A project at the University of Applied Sciences Cologne extracted the stock data from the item data and included them in the graphical representation. In addition, a first routine to analyse a single title had been developed (Eike Spielberg [accessed 2017]). In this paper, we show how this procedure can be extended to whole stock ranges and how personalized parameters are used to calculate subject-specific weeding proposals [1].

Our Approach

Usage statistics for one title

Before expanding to larger stock areas, we explain how the usage statistics for a single title are calculated. Given the shelfmark of a title, the corresponding editions are collected from the library system. For each edition, the available items are collected as well as the events (loans and request) for each item. As stated above, these have been displayed in the older version of our tool.

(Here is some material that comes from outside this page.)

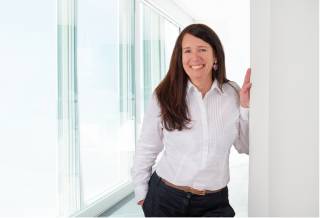 A photo of a woman with long, dark hair and a white blouse, leaning at a wall and smiling.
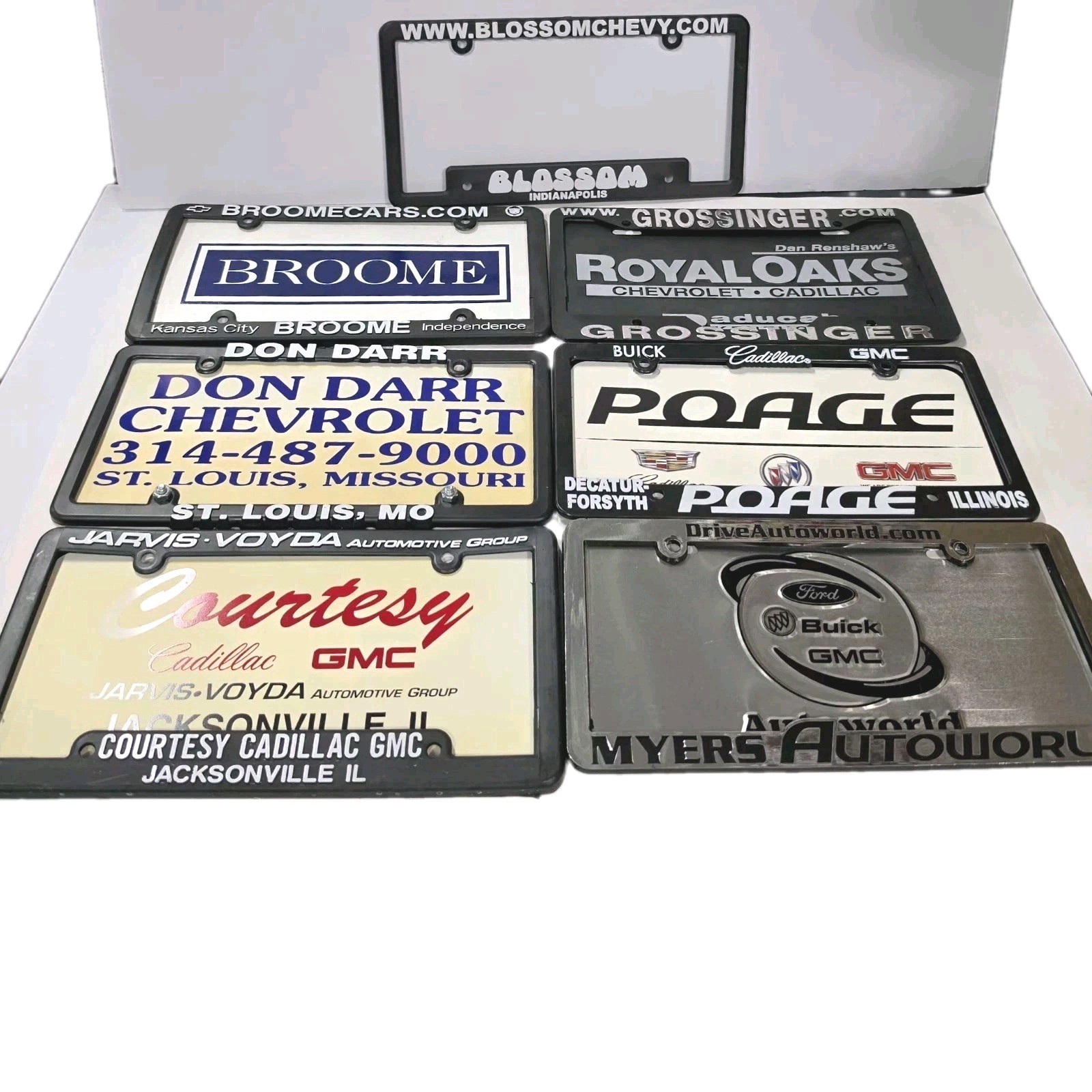 Lot of 7 Vintage Plastic Dealership License Plate Frames Inserts Chevrolet GMC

A subsequent step was added, calculating similar events from the item information: the date of inventory is used to define an accession event, the date of removing the item as a withdrawal event. We obtain three series of events, in which each series comprises of a start and an end event: loan/return, request/hold and accession/withdrawal. If we look at the temporal evolution of one of these series (for example the loans), a starting event (loan) increases the corresponding counter (number of items simultaneously loaned) while an end event (return) decreases the counter. The three series provide all data necessary for an in-depth analysis.

Screenshot 1: The upper part of the loan protocol (Protokoll) for an item from a textbook collection. The query-form (“Abfrage”) is followed by the chart depicting the loans (red), the requests (green) and the stock (blue) for a single shelfmark (= edition, “Auflage”).
Screenshot 1.
The upper part of the loan protocol (Protokoll) for an item from a textbook collection. The query-form (“Abfrage”) is followed by the chart depicting the loans (red), the requests (green) and the stock (blue) for a single shelfmark (= edition, “Auflage”).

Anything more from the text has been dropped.